What are logits? What is the difference between softmax and softmax_cross_entropy_with_logits?

  • In the tensorflow API docs they use a keyword called logits. What is it? A lot of methods are written like:
    tf.nn.softmax(logits, name=None)
    ​

    If logits is just a generic Tensor input, why is it named logits?

    Secondly, what is the difference between the following two methods?

    tf.nn.softmax(logits, name=None)
    tf.nn.softmax_cross_entropy_with_logits(logits, labels, name=None)
    I know what tf.nn.softmax does, but not the other. An example would be really helpful.

      August 6, 2021 10:05 PM IST
    0
  • Logits simply means that the function operates on the unscaled output of earlier layers and that the relative scale to understand the units is linear. It means, in particular, the sum of the inputs may not equal 1, that the values are not probabilities (you might have an input of 5).

    tf.nn.softmax produces just the result of applying the softmax function to an input tensor. The softmax "squishes" the inputs so that sum(input) = 1: it's a way of normalizing. The shape of output of a softmax is the same as the input: it just normalizes the values. The outputs of softmax can be interpreted as probabilities.

    a = tf.constant(np.array([[.1, .3, .5, .9]]))
    print s.run(tf.nn.softmax(a))
    [[ 0.16838508  0.205666    0.25120102  0.37474789]]​


    In contrast, tf.nn.softmax_cross_entropy_with_logits computes the cross entropy of the result after applying the softmax function (but it does it all together in a more mathematically careful way). It's similar to the result of:

    sm = tf.nn.softmax(x)
    ce = cross_entropy(sm)


    The cross entropy is a summary metric: it sums across the elements. The output of tf.nn.softmax_cross_entropy_with_logits on a shape [2,5] tensor is of shape [2,1] (the first dimension is treated as the batch).

    If you want to do optimization to minimize the cross entropy AND you're softmaxing after your last layer, you should use tf.nn.softmax_cross_entropy_with_logits instead of doing it yourself, because it covers numerically unstable corner cases in the mathematically right way. Otherwise, you'll end up hacking it by adding little epsilons here and there.

    Edited 2016-02-07: If you have single-class labels, where an object can only belong to one class, you might now consider using tf.nn.sparse_softmax_cross_entropy_with_logits so that you don't have to convert your labels to a dense one-hot array. This function was added after release 0.6.0.

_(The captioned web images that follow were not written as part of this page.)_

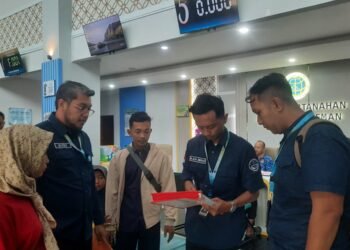 Kuasa Hukum ahli waris almarhum Komaridin mendatangi Kantor Pertanahan ATR/BPN Sleman untuk meminta salinan warkah, Jumat (17/8/2026).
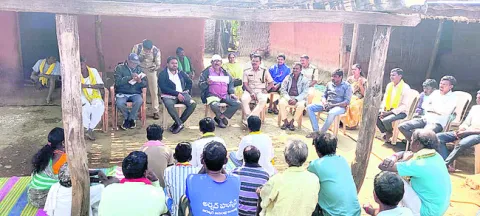 గిరిజనుల సొంతింటి ‘కల’!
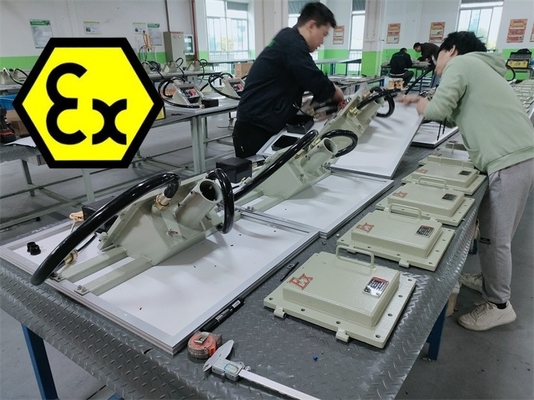 چراغ فلد ضد انفجار LED CNEX / IECEx / ATEX تایید شده نصب هوشمند طول عمر طولانی ایده آل برای محیط های کاری خطرناک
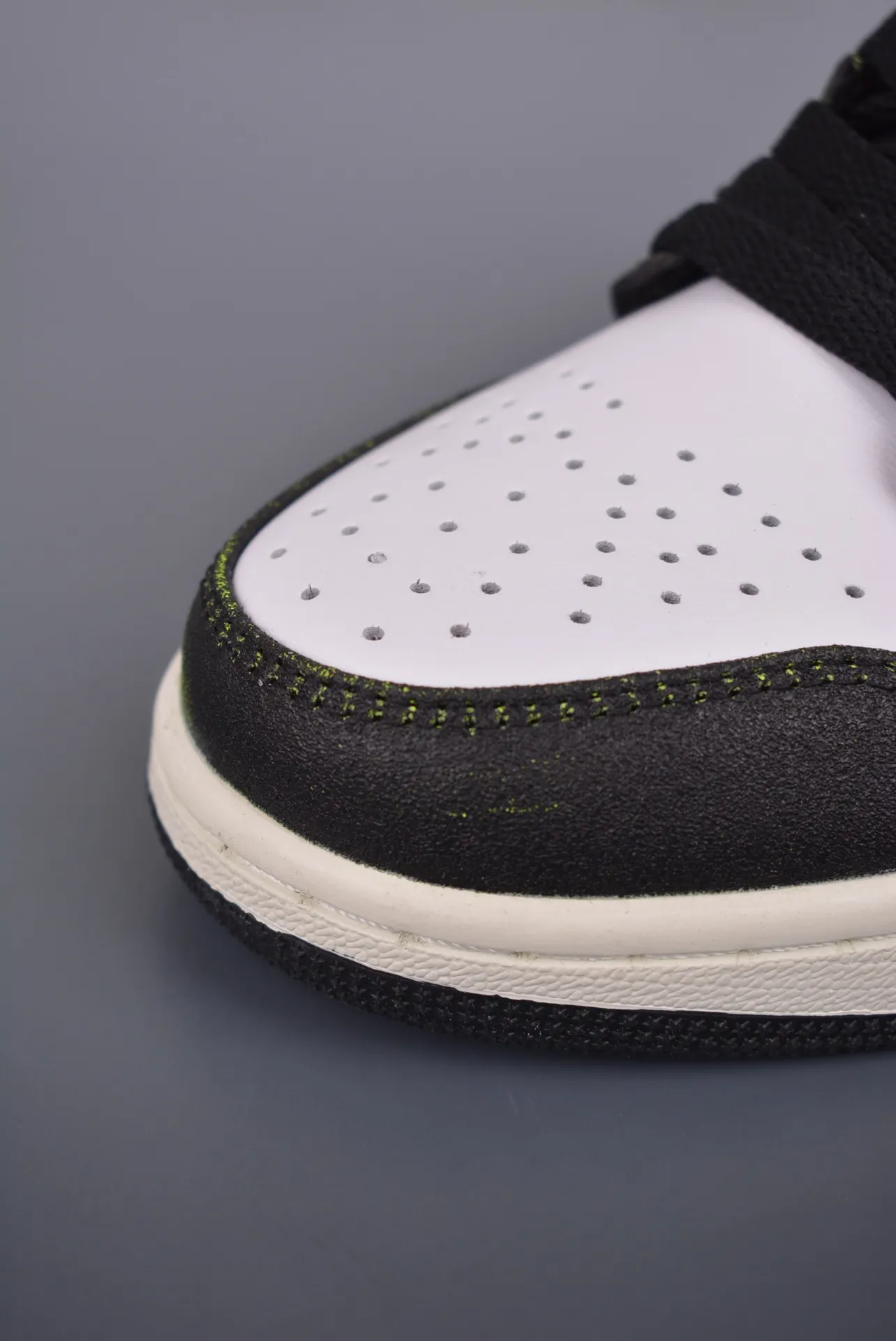 Air Jordan 1 Low Golf Phantom Volt: Replica vs. Authentic Comparison | YtaYta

      August 7, 2021 1:02 PM IST
    0
  • One more thing that I would definitely like to highlight as logit is just a raw output, generally the output of last layer. This can be a negative value as well. If we use it as it's for "cross entropy" evaluation as mentioned below:

    -tf.reduce_sum(y_true * tf.log(logits))
    
    then it wont work. As log of -ve is not defined. So using o softmax activation, will overcome this problem.
    This is my understanding, please correct me if Im wrong.

     

      August 7, 2021 11:12 PM IST
    0
  • tf.nn.softmax computes the forward propagation through a softmax layer. You use it during evaluation of the model when you compute the probabilities that the model outputs.

    tf.nn.softmax_cross_entropy_with_logits computes the cost for a softmax layer. It is only used during training.

    The logits are the unnormalized log probabilities output the model (the values output before the softmax normalization is applied to them).
      August 9, 2021 1:25 PM IST
    0